# Aim of the task:
Pictures aside, write out the data exactly as it reads.
*** Data shown ***
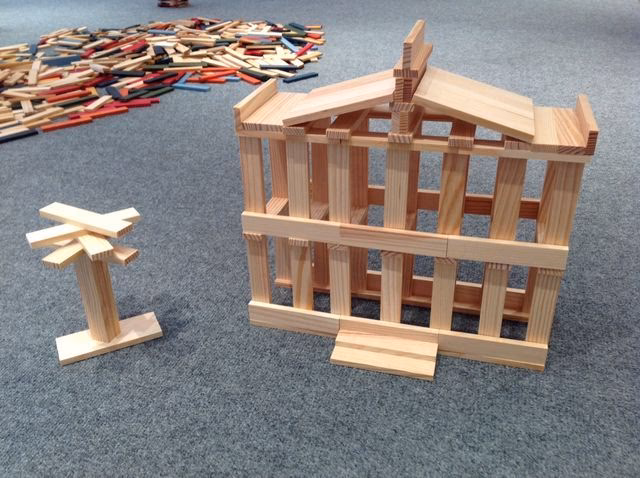 ¿Cuántos pisos debe tener el Jenga?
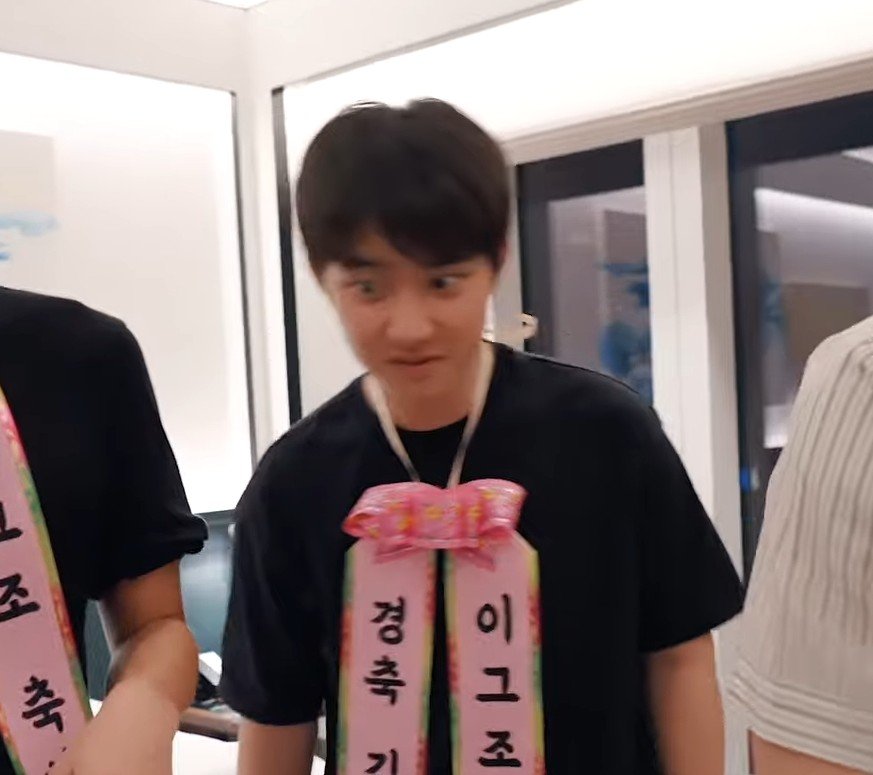 thantiyyy's tweet photo. Kyungsoo is soooo cuteeee, why he looks like a kid here omgㅠㅠㅠㅠ😭 https://t.co/FFGHuywugk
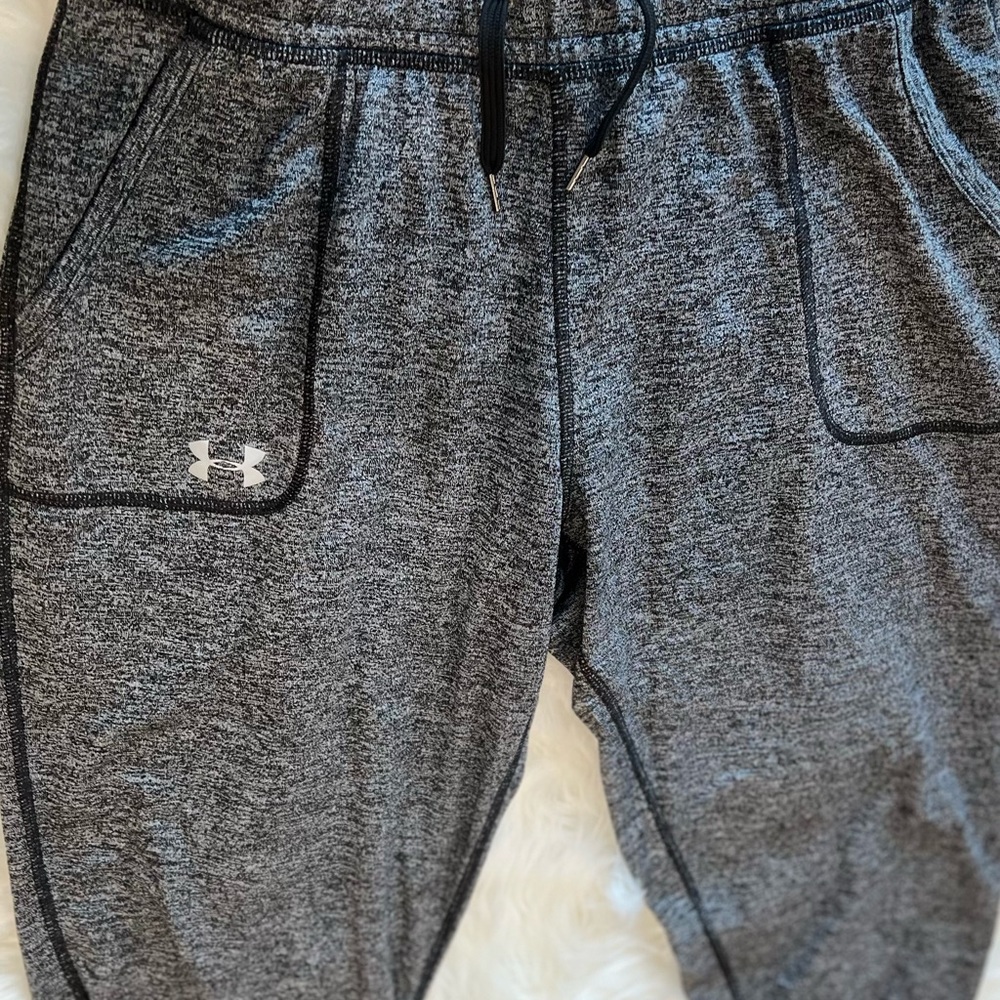 Women’s Under Armor capris joggers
*** End of Data shown ***
# Result for this exercise:
 ¿Cuántos pisos debe tener el Jenga?
 thantiyyy's tweet photo. Kyungsoo is soooo cuteeee, why he looks like a kid here omgㅠㅠㅠㅠ😭 https://t.co/FFGHuywugk
 Women’s Under Armor capris joggers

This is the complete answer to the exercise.